Note:
This topic has been translated from a Chinese forum by GPT and might contain errors.
Original topic: TiDB执行在并发情况下sql执行时间比较长
【TiDB Usage Environment】Production Environment
【TiDB Version】7.2
【Reproduction Path】SQL execution time exceeds 10 seconds under approximately 1000 concurrent requests
【Encountered Problem: Phenomenon and Impact】
Currently, due to the long SQL execution time, the concurrency level does not meet the expected value. Therefore, I am requesting help from experts. Information is as shown in the image below.
【Resource Configuration】
【Attachments: Screenshots/Logs/Monitoring】
- I don’t know when your peak concurrency time is. Is it during the peak period shown in the monitoring graph? If so, looking at your TiDB and TiKV individual nodes, the CPU usage reached 400% and 800% respectively. Additionally, some TiKV nodes have higher IO. You might want to consider the issue of data hotspots and also pay attention to whether there are bottlenecks in CPU and disk IO during high concurrency periods.

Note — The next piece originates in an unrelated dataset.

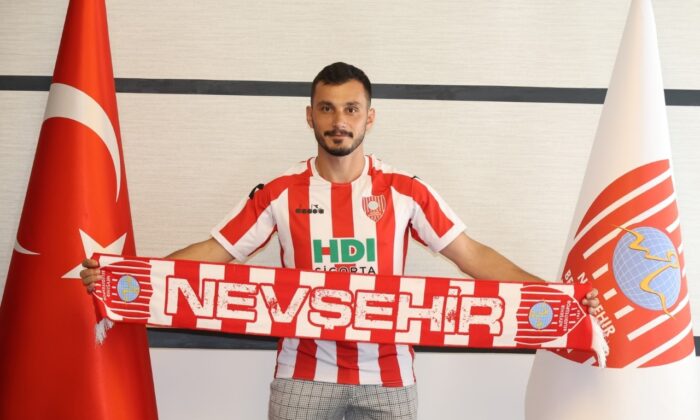 Yıldıray Koçak, Nevşehir Belediyespor forması giyecek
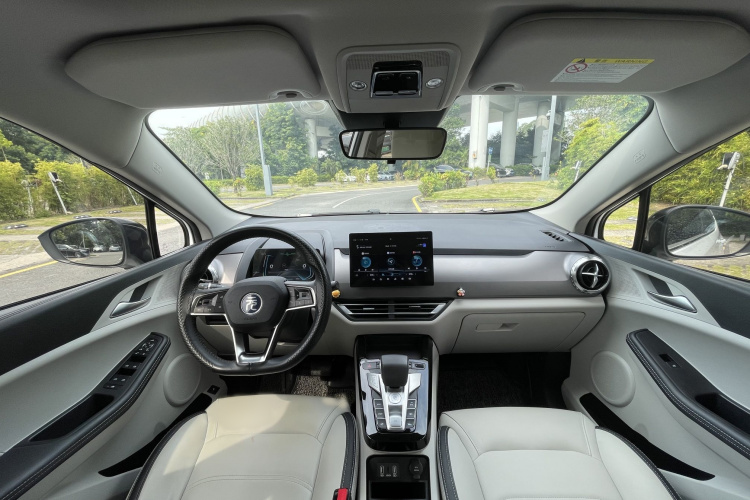 BYD Yuan Pro 2021 car image #13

- What is the high-concurrency operation? Is it read or write? Is that SQL statement a high-concurrency query?
Additionally, 7.2 is not an LTS version. It is recommended to use an LTS version.
1000 concurrent requests? How is your TiDB configured, what type of SQL are you running, what is the cluster resource usage like, and are the read thread pools of TiKV currently maxed out?
Thank you very much for your response.
-
The high concurrency is the peak value in the monitoring graph. The resources in the monitoring have not reached the bottleneck of our server. We are also considering generating a calculation report based on the screenshot to apply for server resources from the higher department if it is indeed the bottleneck of server resources. However, since the server bottleneck has not been reached yet, we are unsure how to optimize this issue. We are wondering if there are any optimization configurations, such as thread pools.
-
The high concurrency is a read operation (
SELECT
xxx_id
FROM
tb_xxxx
WHERE
(
xx_id = 1658553
AND xxx_type = ‘st’
AND xx_state = 0
AND valid_time > ‘2024-01-18 10:49:51.242’
);
We will be upgrading to version 7.5 soon.
Where can the read thread pool you mentioned be monitored or configured?
The cluster setup is a bit strange. Why are TiDB and TiFlash nodes placed on the same machine, and this machine has less memory? TiFlash itself is quite memory-intensive, so wouldn’t this make it more likely for TiDB to run out of memory and cause OOM more easily?
You can check whether the execution plan of the SQL has changed and whether the execution plan is consistent under high concurrency and low concurrency.
Oh, yes, it’s my first time using TiDB and there are many things I haven’t figured out yet. I’m still learning. Later, we will reallocate based on the test report.
The execution plans for high concurrency and low concurrency are the same.
Execution plan under low concurrency:
Execution plan under high concurrency:
Specific situations require specific good examples.
It is normal for concurrent execution to take a long time. You need to check for conflicts in concurrency, whether the SQL is using appropriate indexes, and whether there are any unreasonable large transactions.
It is recommended to check the index.
Take a look at the SQL execution plan to see if it uses the index. You can set the concurrency to 500 and see the effect.
Check the read thread configuration of TiKV.
It’s still a matter of insufficient resources. It would be better to separate PD, TiDB server, and TiFlash.